19:23 Finally, we want to convert the string into an integer by using map again. We know that we'll always pass a valid integer string into the Int initializer, so we can force-unwrap the result. (One caveat: we're using the many combinator, which also parses an empty string. For this code to be correct, we should use many1, which parses at least one digit.)

let digit = character(condition: { CharacterSet.decimalDigits.contains($0.unicodeScalar) })
let digits = digit.many
let digitString = digits.map { characters in String(characters) }
let int = digitString.map { Int($0)! }

int.run("123")

20:08 We can make the code much shorter by inlining the intermediate steps:

let digit = character(condition: { CharacterSet.decimalDigits.contains($0.unicodeScalar) })
let int = digit.many.map { characters in Int(String(characters))! }

Multiplication Expressions

20:49 Looking at our grammar again, the next step is a multiplication expression. There's a lot of magic involved here, and if you're not used to parser combinators, the code will be hard to understand at first.

21:14 A multiplication expression is an integer, followed by a *, followed by another integer. To combine the parts into a result, we can use the <^> operator and the curry function. The actual calculation is simple: it's a function that multiplies its two arguments. The code below almost works:

let multiplication = curry({ x, y in x*y }) <^> int <*> (string("*") <*> int)
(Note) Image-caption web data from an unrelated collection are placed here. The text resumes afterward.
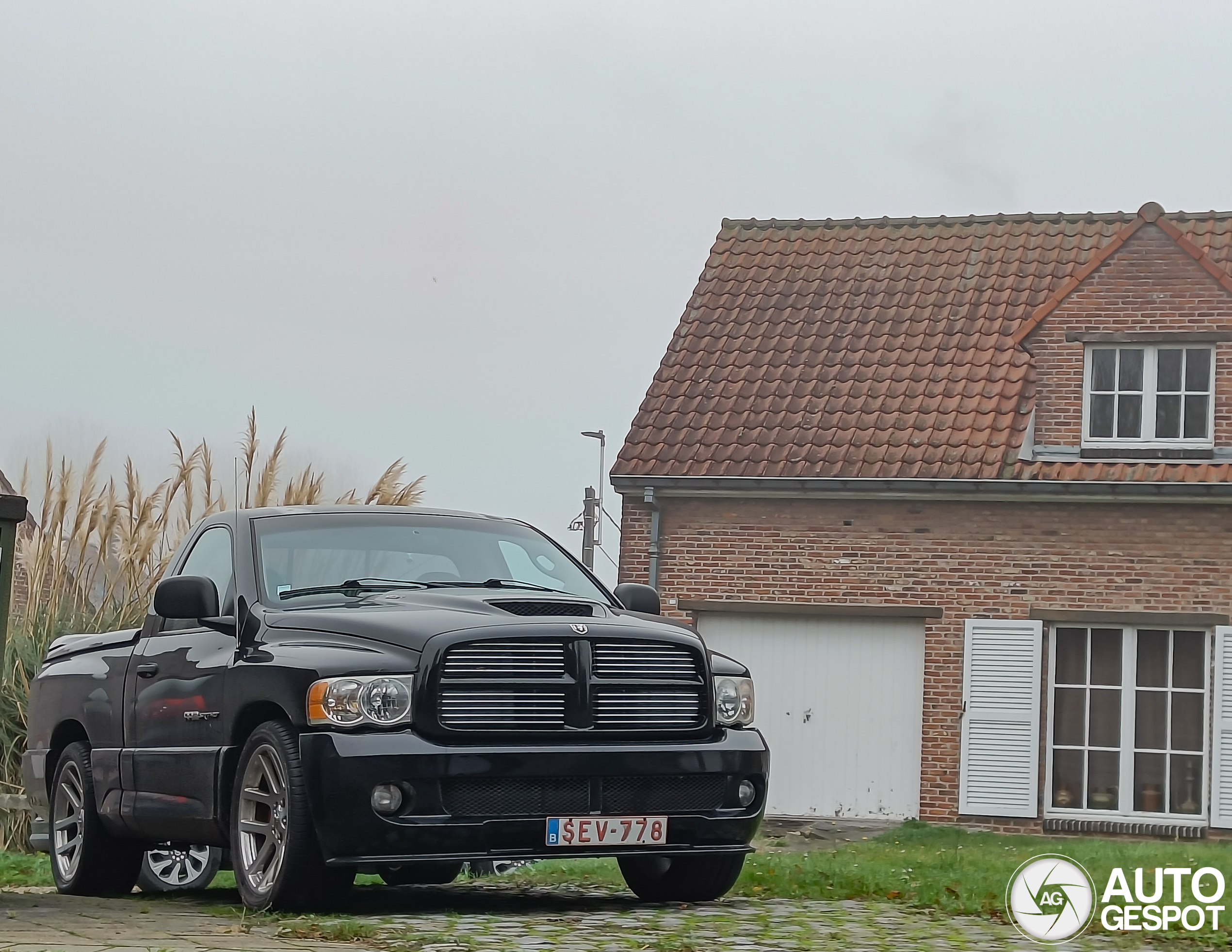 Dodge RAM SRT-10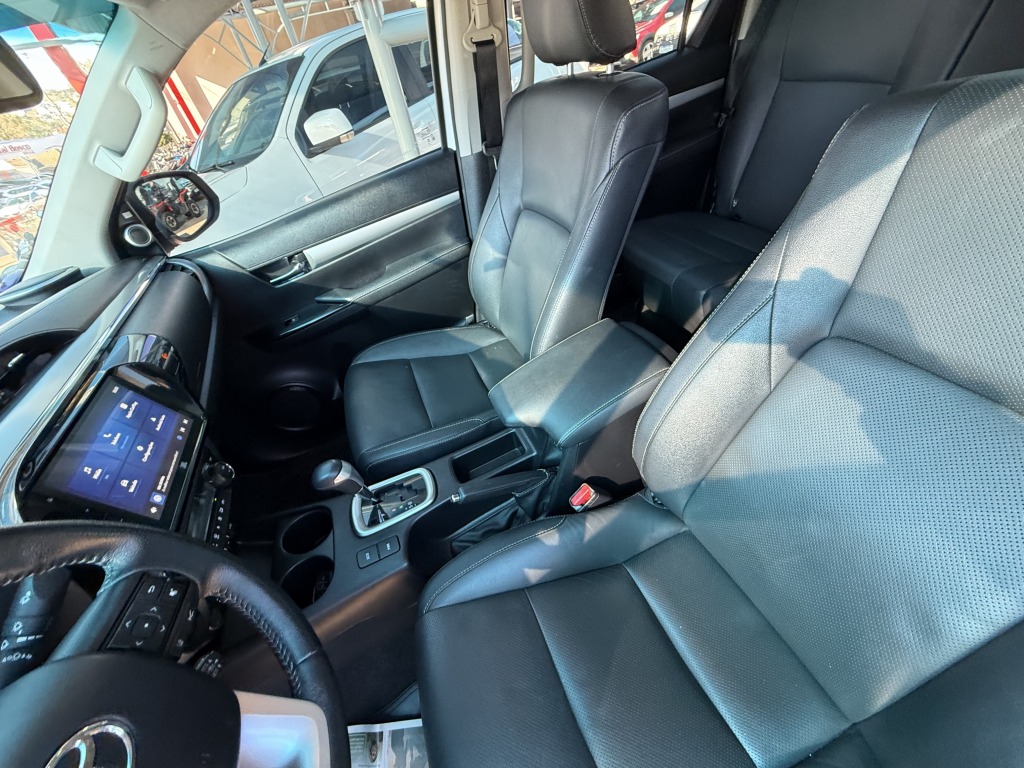 Toyota Hilux Cd Srx 4X4 2.8 TDI 16V Diesel Aut. - foto 4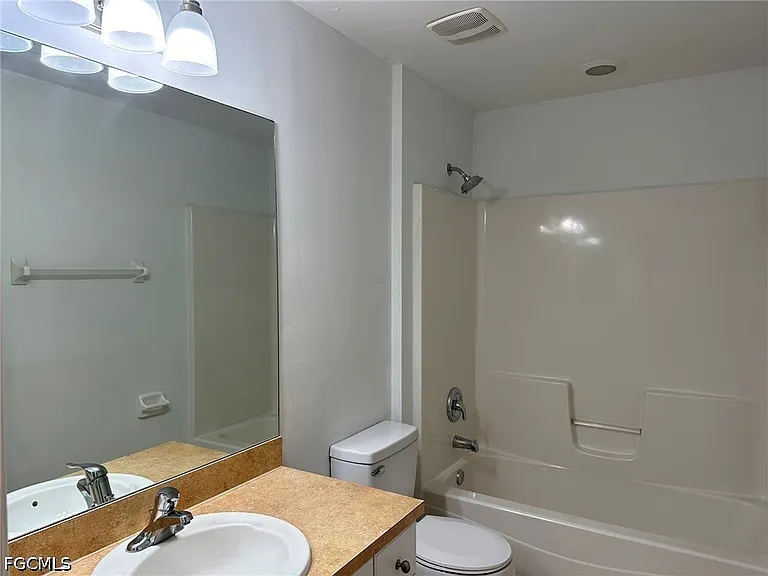 2207 NE 15th Ln — Photo 25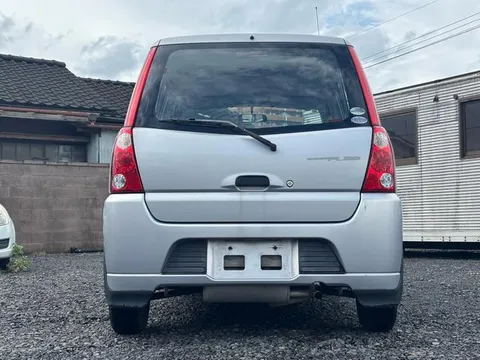 Subaru Pleo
22:15 We need to ignore the result of parsing the * string. To do that, we can use the *> operator, which parses but ignores the left-hand side. Finally, we can run our parser:

let multiplication = curry({ x, y in x*y }) <^> int <*> (string("*") *> int)
multiplication.run("2*3") // 6

22:54 We can no longer parse a single integer using our multiplication parser because we didn't make the second part of our parser optional. We fix this by using the optional combinator and providing a default value in case the second parser returns nil.

let multiplication = curry({ x, y in x * (y ?? 1) }) <^> int <*> (string("*") *> int).optional

23:34 To add addition, we'll copy and paste the multiplication parser and replace the name and operators:

let addition = curry({ x, y in x + (y ?? 0) }) <^> int <*> (string("+") *> int).optional

23:58 We can test it to verify that it works. However, just like before, we can only parse integer operands. To fix this, we need to use the multiplication parser from within addition:

let addition = curry({ x, y in x + (y ?? 0) }) <^> multiplication <*> (string("+") *> multiplication).optional

24:26 If you look to the right-hand side of the <^> operator, you can see the grammar — an int, followed by an optional string and an int — and you can see the operator string gets ignored. In a way, it's very readable, and at the same time, it's very unreadable if you're not used to these operators.

24:48 This demonstrates that you can write a parser with very little code by using parser combinators. The parsers are very close to the grammar. If you're not used to them, they're also very magical, and in a future episode, we'll have a look at how this works. It'll be a challenge for those of us who are used to object-oriented design rather than functional programming.